After that, we had to memorize the roads that were safe to go there (not the ones shown on the Google map, because it showed us exactly the road that could be shot at by an anti-tank missile), and try to get there alive and unharmed, and at the end of the day, run through the intersection that could be shot at. Then you just have to find some basement and wait for Stus there, because there is no connection in the city for a long time.
Zhenia will be flying from this building and adjusting our artillery. His task is to find Russian tanks and other armored vehicles. But lately, he has been tracking the Russian infantry, which advances on our positions in several waves every day.
He works both day and night. Some operators go to quieter cities to sleep at night and then return to Bakhmut. But Zhenia says it's a waste of time, so he lives here.
“It was the hardest month for the entire team. Because of everything. Because of the positions we have here, because of the street fighting. This month we were more tired than the previous three,” says Zhenia.
We are talking in one of the basements of a broken-down apartment building in the center of Bakhmut. Zhenia goes up to the second floor, directly into someone's apartment, where they were doing repairs before they left, leaving their tools on the floor. The glass on the windows has already been broken by numerous shelling.
Zhenoa opens the door to the balcony and sits on top of the glass with the Mavic remote control to see what the Russians, who are a kilometer and a half away, are doing.

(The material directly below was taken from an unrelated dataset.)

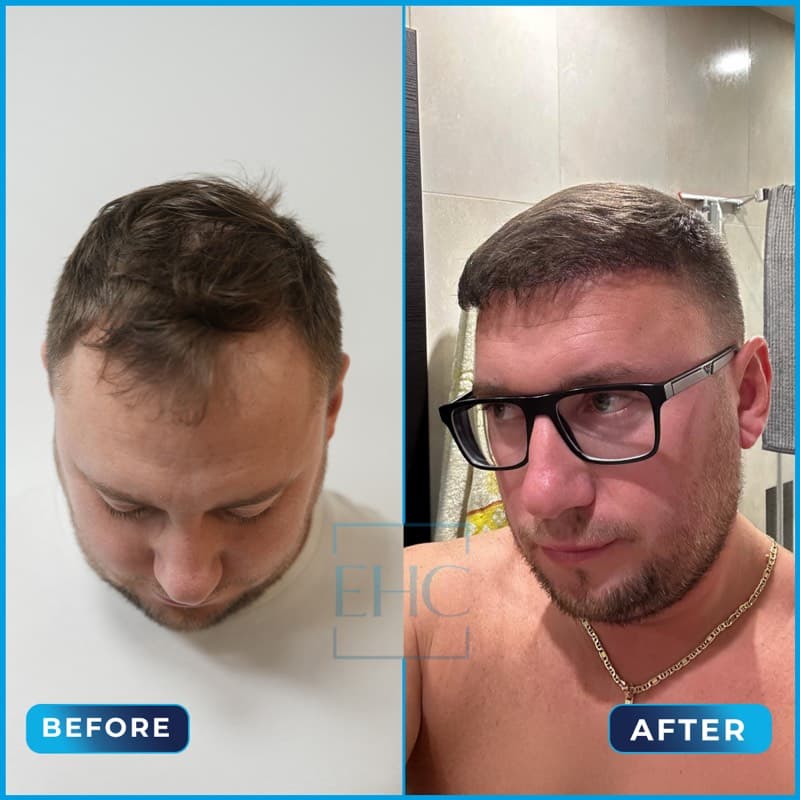Maurisuz - Before and After hair transplant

Across the river, where his drone is flying, there are fierce battles, and people are dying there every day. We talk for 15 minutes and during this time we hear a dozen explosions.

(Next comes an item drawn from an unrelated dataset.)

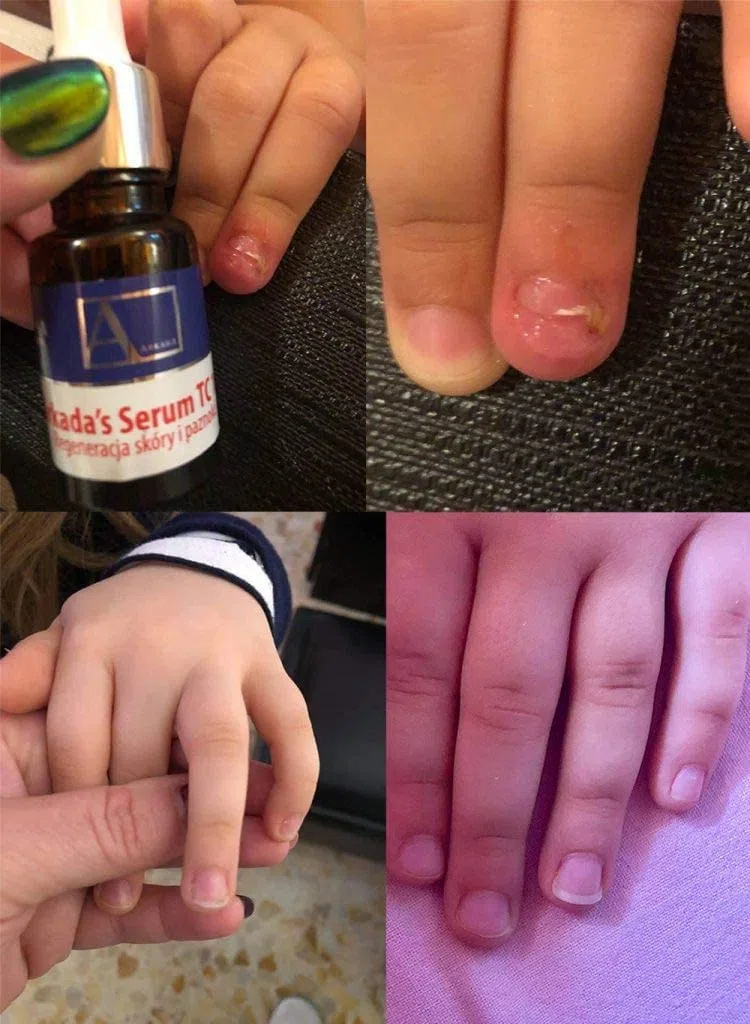 Serum Tc16 Di Arkada Serum Che Ricostruisce La Pelle Problematica E Le Unghie Danneggiate, Trattamento Intenso Al Collagene - 11 Ml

Zhenia is from here, near Sloviansk. If the Russians succeed in capturing Bakhmut, they will then go to the place where he was born.
“They say that there are a lot of people who are waiting for Russians left here as if there is no one to fight for. People stayed here for various reasons, even at a conditional “zero” between us and the Russians, and to rely on this, that there are only people who are waiting for Russians left here so we should not defend this land, is complete nonsense.

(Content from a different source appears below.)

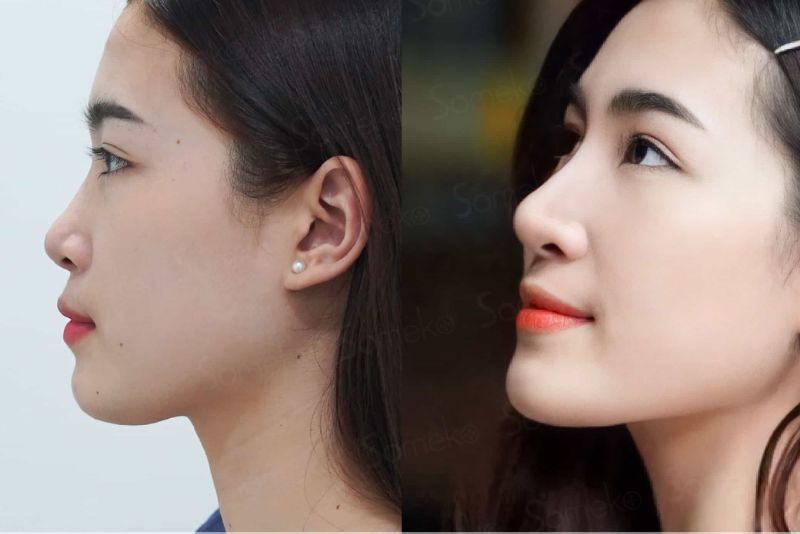 Hình ảnh trước – sau nâng mũi bán cấu trúc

I'm fighting and doing my best because there are a lot of great people in Donetsk and Luhansk Oblasts. Donbas nationalism is the fiercest and sincerest. If you were born here and took a strong pro-Ukrainian position, it is stronger than many people's because you have had many obstacles since childhood. And I defend these people as well.”
“Stus” is indignant at the advice of American intelligence, which allegedly advised the Ukrainian command not to waste efforts on defending Bakhmut but to focus on preparing a counteroffensive in another direction.
“It makes no sense to leave Bakhmut. The situation is deteriorating, our flanks are being pressed, and there are risks of encirclement, but from a global perspective, if we leave here, Kostiantynivka, Druzhkivka, and Sloviansk will be destroyed. If the situation shows that we need to leave the city, our military command will do so. As long as we can fight here and hold on, we will do so. If we retreat, this Russian wave of kindness will roll on.”